Clear amendments have not been mentioned, but at least in order to withdraw government guarantees, the stance is consistent with the long-standing policy of the Duterte government against paying private firms when investments in public ventures do not go their financial way.
Nonetheless, Mark Orbos, Strategic Planning Director of Manila Water, welcomed the news that things are actually going ahead. A copy of the text, which will be checked for potential economic and market consequences, has yet to be obtained by the organization. We are patiently waiting for it to address all the problems and come to terms with the right path forward.

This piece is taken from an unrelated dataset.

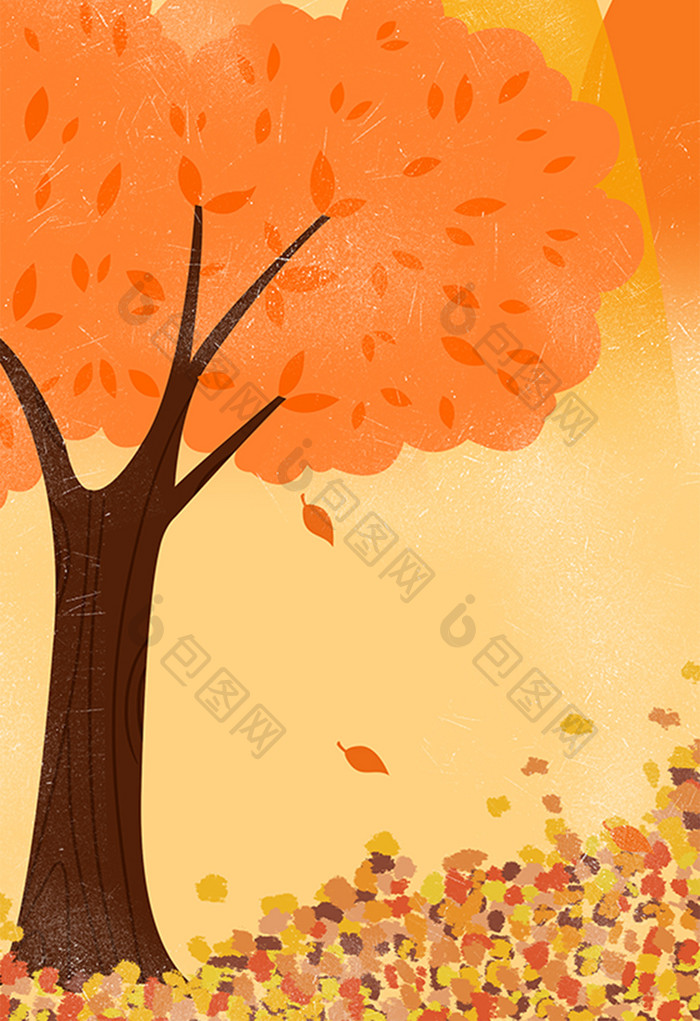 秋天落叶大树风景素材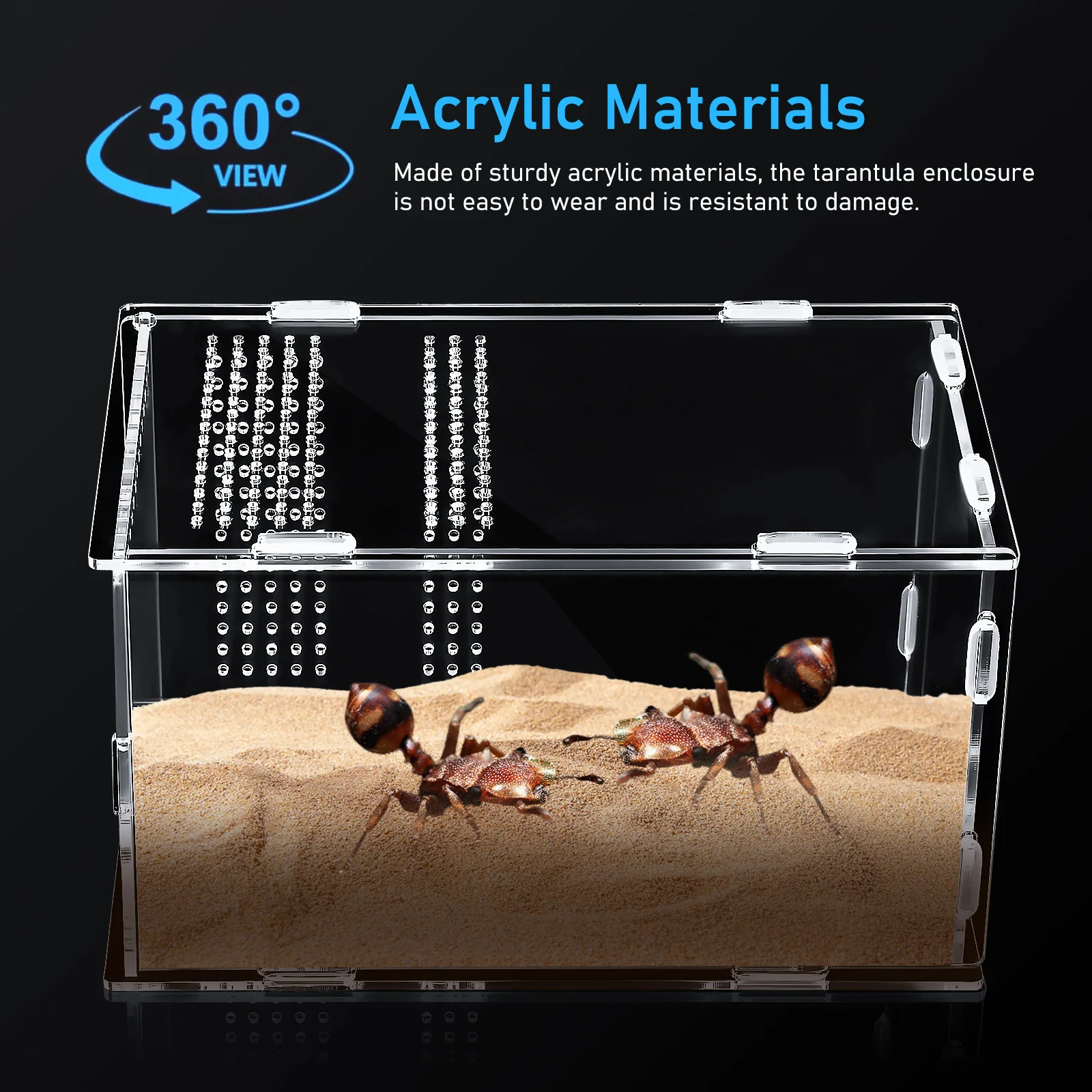 

Reptile Feeding Box Transparent Acrylic Spider Enclosure for Tarantula Lizard Frog Insect Habitat Easy Assembly Sturdy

The Representatives from Maynilad could not be contacted for comment. Shares in Manila Water rose by 0.71% to close at P14.12 each on Wednesday, while Metro Pacific Investments Corp., the parent company of Maynilad, shed 0.70% to P4.26 each.
In fact, concessionaires were not responsible for the water scarcity of Metro Manila, which was primarily attributed to the diminishing supply trickling down to households and businesses from state-owned dams to delivery pipelines run by these corporations. But Duterte nonetheless used the chance to arbitrarily cancel new water contract extensions that were expected to culminate in 2037.